The Government and local authorities have got themselves into a right stew over class sizes (p1). They seem to have concocted a new authorised version which has blown up in front of them amid accusations of a policy U-turn. Yet anyone trying to make sense of the turgid reconfiguration presented to the Convention of Scottish Local Authorities last Friday could be forgiven for wondering what all the fuss is about and what exactly has changed.

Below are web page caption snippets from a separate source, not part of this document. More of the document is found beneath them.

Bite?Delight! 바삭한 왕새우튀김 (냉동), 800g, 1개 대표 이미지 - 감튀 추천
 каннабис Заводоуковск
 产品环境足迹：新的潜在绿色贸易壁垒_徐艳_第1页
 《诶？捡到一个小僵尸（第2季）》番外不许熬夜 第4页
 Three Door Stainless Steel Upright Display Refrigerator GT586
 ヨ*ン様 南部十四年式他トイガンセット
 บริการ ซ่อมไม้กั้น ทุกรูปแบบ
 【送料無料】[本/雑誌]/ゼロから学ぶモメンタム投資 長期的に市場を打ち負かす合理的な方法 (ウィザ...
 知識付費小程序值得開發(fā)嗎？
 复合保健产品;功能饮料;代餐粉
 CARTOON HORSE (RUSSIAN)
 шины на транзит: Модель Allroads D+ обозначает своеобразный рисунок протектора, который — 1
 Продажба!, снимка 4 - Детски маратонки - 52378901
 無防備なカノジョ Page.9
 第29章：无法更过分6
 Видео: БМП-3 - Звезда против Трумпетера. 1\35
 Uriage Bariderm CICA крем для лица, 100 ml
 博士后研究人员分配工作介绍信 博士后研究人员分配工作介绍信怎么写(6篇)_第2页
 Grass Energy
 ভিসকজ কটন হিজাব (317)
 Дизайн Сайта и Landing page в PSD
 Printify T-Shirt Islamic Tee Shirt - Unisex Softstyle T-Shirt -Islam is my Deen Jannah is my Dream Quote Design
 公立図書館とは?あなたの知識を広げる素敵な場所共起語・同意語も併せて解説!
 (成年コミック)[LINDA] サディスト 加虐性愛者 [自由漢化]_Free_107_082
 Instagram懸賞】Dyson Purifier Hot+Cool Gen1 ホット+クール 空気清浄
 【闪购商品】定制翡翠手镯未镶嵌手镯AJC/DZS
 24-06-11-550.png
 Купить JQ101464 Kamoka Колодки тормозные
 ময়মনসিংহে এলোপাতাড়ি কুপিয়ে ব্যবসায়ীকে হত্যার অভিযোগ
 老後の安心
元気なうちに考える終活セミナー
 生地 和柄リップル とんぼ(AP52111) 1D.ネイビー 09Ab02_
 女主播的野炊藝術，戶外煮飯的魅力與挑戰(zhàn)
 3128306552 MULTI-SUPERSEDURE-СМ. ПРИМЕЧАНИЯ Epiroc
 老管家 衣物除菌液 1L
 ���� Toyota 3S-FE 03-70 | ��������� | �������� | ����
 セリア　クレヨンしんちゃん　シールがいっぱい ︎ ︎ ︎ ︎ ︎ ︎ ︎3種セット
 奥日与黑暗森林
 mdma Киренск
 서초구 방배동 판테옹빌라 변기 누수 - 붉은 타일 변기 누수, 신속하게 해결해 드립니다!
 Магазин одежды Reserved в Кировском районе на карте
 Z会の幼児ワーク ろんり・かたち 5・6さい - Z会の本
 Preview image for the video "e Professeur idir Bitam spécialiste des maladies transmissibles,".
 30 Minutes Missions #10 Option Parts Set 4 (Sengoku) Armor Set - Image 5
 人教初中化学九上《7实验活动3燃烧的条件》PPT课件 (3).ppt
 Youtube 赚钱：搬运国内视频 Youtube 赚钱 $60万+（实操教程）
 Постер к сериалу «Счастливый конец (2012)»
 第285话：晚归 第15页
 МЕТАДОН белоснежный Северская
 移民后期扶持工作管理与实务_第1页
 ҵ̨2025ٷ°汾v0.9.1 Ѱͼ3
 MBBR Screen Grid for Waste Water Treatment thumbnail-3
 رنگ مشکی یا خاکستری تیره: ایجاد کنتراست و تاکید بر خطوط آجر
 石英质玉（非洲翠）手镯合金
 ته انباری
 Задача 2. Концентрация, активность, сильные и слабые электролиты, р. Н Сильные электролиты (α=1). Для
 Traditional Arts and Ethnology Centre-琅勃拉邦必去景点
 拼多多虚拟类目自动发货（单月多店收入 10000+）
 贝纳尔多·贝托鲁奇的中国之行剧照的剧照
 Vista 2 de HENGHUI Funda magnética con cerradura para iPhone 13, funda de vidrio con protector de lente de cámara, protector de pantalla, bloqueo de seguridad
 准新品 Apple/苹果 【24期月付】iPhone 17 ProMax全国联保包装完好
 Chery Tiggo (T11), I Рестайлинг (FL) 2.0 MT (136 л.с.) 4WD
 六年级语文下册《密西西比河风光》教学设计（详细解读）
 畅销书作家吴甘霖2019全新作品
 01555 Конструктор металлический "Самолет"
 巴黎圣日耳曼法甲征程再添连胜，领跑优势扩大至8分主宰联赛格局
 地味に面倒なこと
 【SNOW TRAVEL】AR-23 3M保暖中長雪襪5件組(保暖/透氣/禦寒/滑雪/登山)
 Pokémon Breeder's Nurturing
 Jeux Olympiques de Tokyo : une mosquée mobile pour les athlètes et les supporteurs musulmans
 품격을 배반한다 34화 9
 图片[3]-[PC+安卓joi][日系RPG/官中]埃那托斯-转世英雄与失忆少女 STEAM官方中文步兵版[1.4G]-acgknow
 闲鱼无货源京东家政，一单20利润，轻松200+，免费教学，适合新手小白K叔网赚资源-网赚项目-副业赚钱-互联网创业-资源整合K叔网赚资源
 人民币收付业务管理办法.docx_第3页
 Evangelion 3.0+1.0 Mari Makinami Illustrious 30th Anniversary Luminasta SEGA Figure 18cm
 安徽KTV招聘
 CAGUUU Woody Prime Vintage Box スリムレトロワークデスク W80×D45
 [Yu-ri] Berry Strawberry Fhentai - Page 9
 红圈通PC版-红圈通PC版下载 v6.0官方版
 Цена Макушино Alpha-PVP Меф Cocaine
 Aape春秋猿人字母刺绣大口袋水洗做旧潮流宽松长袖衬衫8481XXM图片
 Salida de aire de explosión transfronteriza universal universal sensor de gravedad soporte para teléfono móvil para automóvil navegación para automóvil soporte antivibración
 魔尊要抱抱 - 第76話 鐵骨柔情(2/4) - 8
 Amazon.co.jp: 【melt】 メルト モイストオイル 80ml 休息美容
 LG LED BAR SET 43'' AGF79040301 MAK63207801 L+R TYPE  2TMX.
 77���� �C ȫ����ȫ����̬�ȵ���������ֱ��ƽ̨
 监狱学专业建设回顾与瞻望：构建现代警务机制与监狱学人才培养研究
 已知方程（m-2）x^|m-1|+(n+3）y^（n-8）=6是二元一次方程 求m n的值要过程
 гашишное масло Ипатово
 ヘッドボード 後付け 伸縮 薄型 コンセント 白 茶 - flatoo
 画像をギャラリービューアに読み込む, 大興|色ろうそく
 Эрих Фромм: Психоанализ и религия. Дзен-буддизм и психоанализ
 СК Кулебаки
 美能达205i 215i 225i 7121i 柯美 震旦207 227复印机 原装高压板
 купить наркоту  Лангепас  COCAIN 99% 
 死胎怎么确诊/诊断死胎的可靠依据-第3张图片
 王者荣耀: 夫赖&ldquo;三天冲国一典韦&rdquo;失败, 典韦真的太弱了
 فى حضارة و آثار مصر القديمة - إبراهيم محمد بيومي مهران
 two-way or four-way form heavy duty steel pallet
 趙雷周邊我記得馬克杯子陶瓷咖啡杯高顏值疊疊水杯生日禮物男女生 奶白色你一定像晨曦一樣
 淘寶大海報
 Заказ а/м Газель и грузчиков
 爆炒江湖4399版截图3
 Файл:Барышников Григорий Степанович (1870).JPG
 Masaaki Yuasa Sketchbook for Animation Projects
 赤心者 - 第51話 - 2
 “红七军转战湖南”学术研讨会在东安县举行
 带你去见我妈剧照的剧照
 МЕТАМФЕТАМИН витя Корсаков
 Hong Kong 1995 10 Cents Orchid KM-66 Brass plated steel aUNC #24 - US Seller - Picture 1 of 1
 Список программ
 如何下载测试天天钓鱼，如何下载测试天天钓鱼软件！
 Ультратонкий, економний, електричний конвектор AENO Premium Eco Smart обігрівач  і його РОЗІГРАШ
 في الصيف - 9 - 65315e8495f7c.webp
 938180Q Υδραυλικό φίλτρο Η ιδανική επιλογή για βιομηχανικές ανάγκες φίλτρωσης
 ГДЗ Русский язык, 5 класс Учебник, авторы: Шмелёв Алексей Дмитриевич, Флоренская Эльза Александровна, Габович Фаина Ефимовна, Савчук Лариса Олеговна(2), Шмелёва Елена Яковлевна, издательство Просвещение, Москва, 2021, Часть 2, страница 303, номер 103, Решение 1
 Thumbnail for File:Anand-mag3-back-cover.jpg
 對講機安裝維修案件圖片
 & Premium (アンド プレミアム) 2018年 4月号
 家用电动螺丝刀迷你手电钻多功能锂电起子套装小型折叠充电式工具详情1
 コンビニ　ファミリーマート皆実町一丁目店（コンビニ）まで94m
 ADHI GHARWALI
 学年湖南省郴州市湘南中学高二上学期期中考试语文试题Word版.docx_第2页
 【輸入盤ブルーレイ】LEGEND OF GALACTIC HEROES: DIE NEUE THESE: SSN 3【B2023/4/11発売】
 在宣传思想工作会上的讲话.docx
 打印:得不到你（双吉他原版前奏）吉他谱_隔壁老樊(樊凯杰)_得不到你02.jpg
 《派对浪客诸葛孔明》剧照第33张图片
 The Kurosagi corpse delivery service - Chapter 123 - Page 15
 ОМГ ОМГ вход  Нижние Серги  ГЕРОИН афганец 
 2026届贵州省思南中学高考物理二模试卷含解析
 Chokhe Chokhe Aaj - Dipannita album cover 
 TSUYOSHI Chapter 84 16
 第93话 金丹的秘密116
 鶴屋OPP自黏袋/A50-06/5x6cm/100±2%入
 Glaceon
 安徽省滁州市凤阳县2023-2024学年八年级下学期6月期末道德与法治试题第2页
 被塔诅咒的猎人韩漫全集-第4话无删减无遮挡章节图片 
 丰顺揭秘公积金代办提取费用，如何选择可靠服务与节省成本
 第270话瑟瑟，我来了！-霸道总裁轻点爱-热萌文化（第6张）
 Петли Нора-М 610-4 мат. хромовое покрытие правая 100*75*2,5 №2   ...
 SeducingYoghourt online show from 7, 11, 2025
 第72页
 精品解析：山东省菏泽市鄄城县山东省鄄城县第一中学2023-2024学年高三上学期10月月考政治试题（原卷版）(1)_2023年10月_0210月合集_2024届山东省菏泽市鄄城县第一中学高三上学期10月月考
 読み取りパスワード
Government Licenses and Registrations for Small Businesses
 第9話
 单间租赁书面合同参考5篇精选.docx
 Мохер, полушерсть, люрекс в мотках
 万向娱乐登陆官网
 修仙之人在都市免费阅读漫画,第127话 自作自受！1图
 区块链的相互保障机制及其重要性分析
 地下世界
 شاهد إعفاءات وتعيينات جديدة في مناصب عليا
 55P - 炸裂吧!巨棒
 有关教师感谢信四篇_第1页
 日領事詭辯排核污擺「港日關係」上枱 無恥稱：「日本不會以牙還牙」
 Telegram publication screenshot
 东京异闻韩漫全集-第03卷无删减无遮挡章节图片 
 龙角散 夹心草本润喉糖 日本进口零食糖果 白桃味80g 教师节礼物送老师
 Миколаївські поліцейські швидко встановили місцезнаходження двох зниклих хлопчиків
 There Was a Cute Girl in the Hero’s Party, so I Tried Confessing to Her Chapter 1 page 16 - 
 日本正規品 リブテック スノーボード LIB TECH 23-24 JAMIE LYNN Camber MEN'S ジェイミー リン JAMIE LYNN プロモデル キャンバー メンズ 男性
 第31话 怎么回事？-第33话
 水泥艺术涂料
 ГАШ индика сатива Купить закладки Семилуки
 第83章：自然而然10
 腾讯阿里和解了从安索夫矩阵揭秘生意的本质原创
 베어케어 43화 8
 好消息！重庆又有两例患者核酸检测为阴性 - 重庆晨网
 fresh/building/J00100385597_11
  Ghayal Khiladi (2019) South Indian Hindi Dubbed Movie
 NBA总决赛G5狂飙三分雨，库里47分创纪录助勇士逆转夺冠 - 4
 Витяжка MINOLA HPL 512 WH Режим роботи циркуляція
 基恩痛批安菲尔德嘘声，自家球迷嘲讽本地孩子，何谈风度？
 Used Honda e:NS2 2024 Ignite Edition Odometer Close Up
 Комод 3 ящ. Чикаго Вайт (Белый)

According to the "new way forward", leading lights from Cosla and the Cabinet will sit down at regular meetings to demonstrate the creative ways in which they are trying to implement the policy, instead of constantly bemoaning how impossible it is to achieve. So far, so unconvincing. Councils will outline the fact that each of them is in a different situation and that "the pace of pursuit of class-size reduction (in P1-3) will vary from council to council". How exactly does this differ from the current ministerial mantra that councils should show "year-on-year progress" towards the target, taking account of local circumstances?
It is a sign of the pressure the Government is under on this issue that a new approach, which is as much designed to rescue its concordat agreement with local authorities as to shore up the class-size pledge, starts out as an exercise in reinforcing policy and ends up looking like a policy failure. Teachers will deduce from this whole affair that the Government is trying to wriggle out of its commitment on class sizes. Au contraire: the "new way forward" looks increasingly like a distinction without a difference.